AUSTIN, Texas (AP) — State troopers arrested two men said to be carrying antique pistols outside the Texas Capitol on Saturday during a demonstration by a gun-rights group that also helped spearhead a rally of openly armed supporters last week at the Alamo.
The two men were arrested for criminal trespass and have refused to identify themselves to authorities, Department of Public Safety spokesman Tom Vinger said.
“The men were openly carrying suspected deadly weapons and were given the opportunity to leave the area, but refused,” Vinger wrote in an email. He said no other information about the arrest was available.
Leaders of the gun-rights group Open Carry Texas said their members did not provoke troopers and were within their legal rights to carry the pistols. Victoria Montgomery, a spokeswoman for the group, described the weapons as black-powder revolvers made before 1899.
Montgomery said the group doesn’t go looking for trouble but instead wants to educate the public that the kind of antique weapons carried by the men arrested Saturday can legally be open carried.
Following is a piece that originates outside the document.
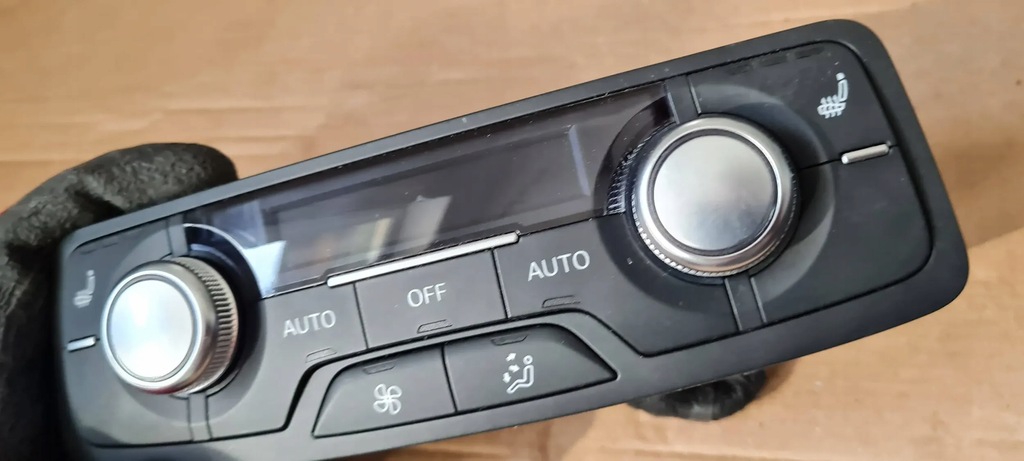 фото №6, A6 c7 4g lift панель обдув кондиционера задняя 4g0919158r a7 4g s7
Long guns can also be openly carried, though Texas law prohibits open carrying of handguns.
“We’re proud of us educating the public. We thought it was an admirable endeavor,” Montgomery said. “But DPS obviously has an issue with that.”
C.J. Grisham, the president of Open Carry Texas who said he originally wanted to bring an assault rifle to the rally, scoffed at authorities’ description of the pistols as a deadly weapon.
“We had flagpoles that we could’ve beat people with too,” Grisham said.
The gathering at the Capitol included about a dozen gun-rights supporters. They were surrounded by a visible trooper presence on hand for the Texas Book Festival, which spreads dozens of events inside and around the Capitol and attracts thousands of people.
Members of the group could be seen pressing troopers about why the demonstrators were handcuffed. The gathering outside the front Capitol steps dispersed about an hour later.
Last week’s “Come and Take It San Antonio!” rally at the Alamo was intended to draw attention to a right Texans already have – to carry long arms publicly so long as they don’t do it in a menacing manner. Organizers thought it necessary to offer a reminder after several open carry advocates were threatened with arrest at a Starbucks in the city two months ago.
Rally organizers had said just holding their demonstration in front of San Antonio police without incident was a victory.
http://www.chron.com/default/article/2-arrested-at-Texas-Capitol-gun-rights-rally-4928872.php
“Rally organizers had said just holding their demonstration in front of San Antonio police without incident was a victory.”
Sorry to bust your bubble, but it certainly was NOT a victory if two people in your demonstration were arrested for exercising their constitutional right to keep and bear arms.
That victory was in San Antonio, but the two that got arrested today were in Austin.